4 MIN. DE LECTURA
* FTSEurofirst 300 down 1.3 pct
* Stocks exposed to Russia under renewed pressure
* DAX puts rise; German index seen most vulnerable
By Alistair Smout
LONDON, March 7 (Reuters) - European shares fell on Friday, amid growing tension over Crimea, as investors tried to shield themselves from the impact of any confrontation between Russia and Ukraine on the weekend.
Above-forecast U.S. jobs data briefly helped shares pare their losses. But they turned sharply lower again on reports that a U.S. warship was entering the Black Sea.
The U.S. military said the planned exercise was routine. Even so, the reaction showed how sensitive the market is to news about Crimea.
"People are a little bit nervous to go into the weekend with fully loaded long positions, given the ongoing Ukraine crisis," said Zeg Choudhry, the head of trading at Northland Capital Partners.
A deteriorating geopolitical situation last weekend saw stocks fall 2.3 percent on Monday. A 14.9 percent pick-up in volatility - a crude indicator of investor fear - indicated growing demand for protection, and thus a higher price to shield against future swings.
Diplomatic efforts to cool the crisis in Ukraine calmed markets over the past few days. Then tensions rose again, with U.S. President Barack Obama ordering visa bans and asset freezes for unidentified but presumably Russian people who were deemed responsible for threatening Ukraine's sovereignty.
Russian President Vladimir Putin rebuffed the warning by Obama on Friday, saying that Russia could not ignore calls for help from Russian speakers in Ukraine.
Germany's DAX index - considered the most vulnerable to tensions in Ukraine and Russia - fell 1.1 percent.
Investors have piled into the options market for protection against any future fall in the DAX, with Eurex data showing a rise in the ratio between "put" and "call" options. Puts are a bet on a fall in the DAX; calls a bet on a rise. The put/call ratio on DAX options due to mature in March jumped to 3.13 at the start of March from 1.47 in early February.

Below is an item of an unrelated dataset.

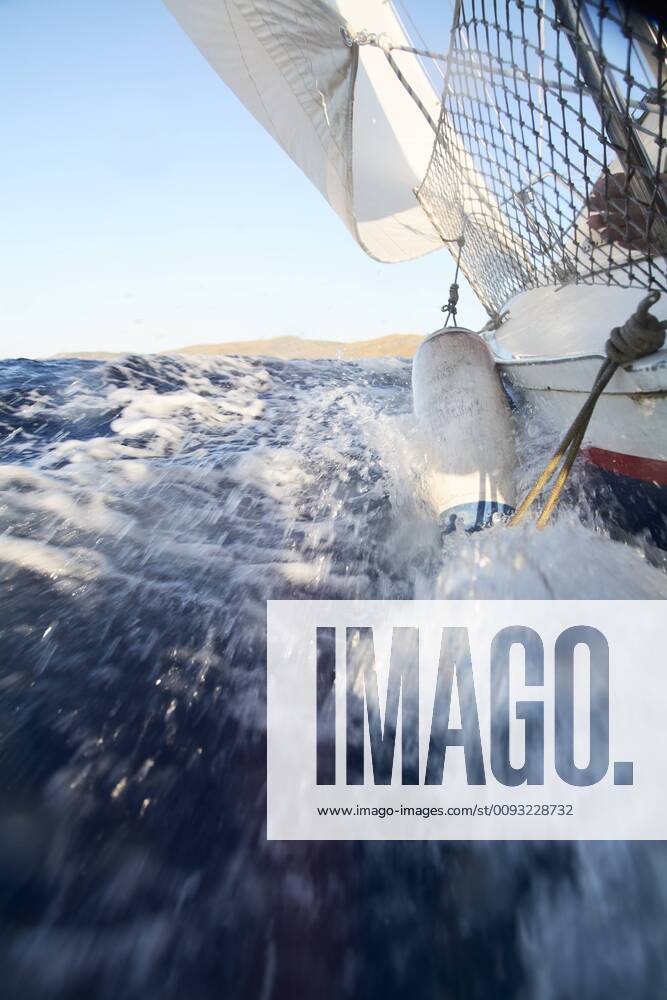 Sailing boat splashing water, Menorca, Spain model released Symbolfoto IGGF01255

The FTSEurofirst 300 index of top European shares finished down 1.3 percent at 1,326.70 points, having extended losses into the close.
European blue chips exposed to Russia and Ukraine came under renewed pressure. Nokian Renkaat fell 1.8 percent, Raiffeisen Bank International 2.8 percent and Carlsberg 0.9 percent. The three companies get 26 percent, 22 percent and 17 percent respectively of their revenues from Russia, according to data from MSCI.
Stocks briefly recovered after U.S. jobs data beat forecasts, which could ease fears of an abrupt slowdown in economic growth and support the Federal Reserve's decision to reduce its monetary stimulus.
Employers added 175,000 jobs to their payrolls last month, compared with a consensus prediction of 149,000 in a Reuters poll. Economists said poor weather in February could mean the underlying health of the economy was even stronger.
"The weather is playing havoc with the US data," Rob Wood, economist at Berenberg, said. "Today's figures are probably still distorted by the snow, meaning that the underlying position could be better than the headline suggests."